Dormouse's claim to have a 33% success rate at auditions doesn't ring true, unless he/she has only done around 3 auditions. An actual success rate, even for professionals with active careers, is more like 10% at most. However, here's something you won't often read in any book on auditioning:
Much as I hate to end an article on a downer, there are few jobs where you are weighed in the balance and found wanting in such a way on a daily basis. I have had my physical attributes and shortcomings in relation to a role discussed in front of me as though I wasn't even there. And I'm far from unique in that. You will be rejected several times a month in some small way by your chosen profession. Make sure you have a solid support network - whether that's friends and family, or musical mentors who believe in you. You need it, or you'll suffer.
Which gets to a few things I've noticed from playing nearly thirteen years of professional auditions.

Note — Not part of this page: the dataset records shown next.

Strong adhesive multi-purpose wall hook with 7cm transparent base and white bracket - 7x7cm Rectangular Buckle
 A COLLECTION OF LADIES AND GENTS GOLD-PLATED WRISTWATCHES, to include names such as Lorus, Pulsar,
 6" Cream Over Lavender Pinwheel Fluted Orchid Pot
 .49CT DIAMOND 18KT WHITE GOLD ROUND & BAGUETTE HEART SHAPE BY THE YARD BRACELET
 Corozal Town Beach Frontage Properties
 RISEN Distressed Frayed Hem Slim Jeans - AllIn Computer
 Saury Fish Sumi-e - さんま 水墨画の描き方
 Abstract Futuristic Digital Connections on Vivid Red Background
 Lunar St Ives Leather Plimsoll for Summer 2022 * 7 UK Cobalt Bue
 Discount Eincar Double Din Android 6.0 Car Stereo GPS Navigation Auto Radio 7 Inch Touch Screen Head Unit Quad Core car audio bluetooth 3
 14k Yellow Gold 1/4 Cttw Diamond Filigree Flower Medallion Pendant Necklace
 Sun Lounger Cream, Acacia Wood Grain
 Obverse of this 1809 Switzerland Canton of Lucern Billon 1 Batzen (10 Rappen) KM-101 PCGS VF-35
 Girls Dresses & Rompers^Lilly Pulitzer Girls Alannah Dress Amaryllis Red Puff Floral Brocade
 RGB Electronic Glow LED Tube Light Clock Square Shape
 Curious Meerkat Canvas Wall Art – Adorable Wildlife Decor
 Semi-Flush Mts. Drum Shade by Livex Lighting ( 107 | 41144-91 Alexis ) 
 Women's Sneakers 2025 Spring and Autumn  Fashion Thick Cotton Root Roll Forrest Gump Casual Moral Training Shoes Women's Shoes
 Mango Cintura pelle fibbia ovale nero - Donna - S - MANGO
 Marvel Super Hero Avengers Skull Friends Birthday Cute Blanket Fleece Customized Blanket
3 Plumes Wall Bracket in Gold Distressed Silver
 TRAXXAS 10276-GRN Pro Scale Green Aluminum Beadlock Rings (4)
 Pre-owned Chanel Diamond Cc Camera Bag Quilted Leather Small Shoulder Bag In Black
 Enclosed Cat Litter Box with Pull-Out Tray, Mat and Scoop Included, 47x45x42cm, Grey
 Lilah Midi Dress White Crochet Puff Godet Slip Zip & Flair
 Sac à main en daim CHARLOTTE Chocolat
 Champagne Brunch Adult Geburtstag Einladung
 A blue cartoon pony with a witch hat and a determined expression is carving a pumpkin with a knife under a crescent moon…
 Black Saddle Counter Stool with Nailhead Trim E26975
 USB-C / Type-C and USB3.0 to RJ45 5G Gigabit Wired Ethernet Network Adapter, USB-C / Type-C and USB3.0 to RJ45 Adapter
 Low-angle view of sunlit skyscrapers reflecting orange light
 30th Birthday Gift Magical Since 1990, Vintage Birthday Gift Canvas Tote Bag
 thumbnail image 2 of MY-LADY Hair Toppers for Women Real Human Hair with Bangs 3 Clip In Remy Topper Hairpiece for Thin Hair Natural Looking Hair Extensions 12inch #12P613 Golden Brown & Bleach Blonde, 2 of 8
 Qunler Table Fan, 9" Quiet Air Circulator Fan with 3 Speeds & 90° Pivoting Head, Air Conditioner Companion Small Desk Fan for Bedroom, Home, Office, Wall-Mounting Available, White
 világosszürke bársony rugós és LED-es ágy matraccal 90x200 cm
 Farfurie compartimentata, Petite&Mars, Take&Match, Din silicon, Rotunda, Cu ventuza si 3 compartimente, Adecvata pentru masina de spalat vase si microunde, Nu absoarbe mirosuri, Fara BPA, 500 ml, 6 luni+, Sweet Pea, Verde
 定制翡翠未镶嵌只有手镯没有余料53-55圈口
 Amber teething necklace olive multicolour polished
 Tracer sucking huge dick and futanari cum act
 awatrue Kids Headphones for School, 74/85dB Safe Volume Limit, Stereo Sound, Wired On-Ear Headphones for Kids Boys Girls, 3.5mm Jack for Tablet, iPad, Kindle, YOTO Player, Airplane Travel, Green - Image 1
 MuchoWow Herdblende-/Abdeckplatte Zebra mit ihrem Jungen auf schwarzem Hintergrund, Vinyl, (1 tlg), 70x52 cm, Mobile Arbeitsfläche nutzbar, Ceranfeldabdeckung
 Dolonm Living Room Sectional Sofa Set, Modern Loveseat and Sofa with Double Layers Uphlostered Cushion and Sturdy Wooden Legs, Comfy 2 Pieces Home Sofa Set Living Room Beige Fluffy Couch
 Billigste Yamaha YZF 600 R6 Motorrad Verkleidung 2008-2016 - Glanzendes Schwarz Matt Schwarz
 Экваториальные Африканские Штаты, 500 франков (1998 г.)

It's not about always about how well you sing. Directors' reasons for not hiring a singer can span every color of the rainbow--too big a voice, too small, too fat, too thin, too bright a voice, too dark, too young, too old, too North American, too European, too this, too that...the list goes on. I've known singers with major careers that have never got work from auditions. I've also played for singers that showed up late, dressed inappropriately, flubbed their high notes, forgot words, and still got the job because they either managed to pull off the aria or just seemed appropriate for the role. One of the most frustrating things I've had to tell singers is that it's not about the best singer "winning" the audition, but about the most appropriate singer being hired for a specific engagement.
The best way to get hired as a musician, period, is to be known as a respected and worthwhile colleague both in rehearsal and performance and then to proceed to get hired, whether via audition or not, by more people and organizations through your professional network. But then again, getting your foot in the door in the first place is the problem.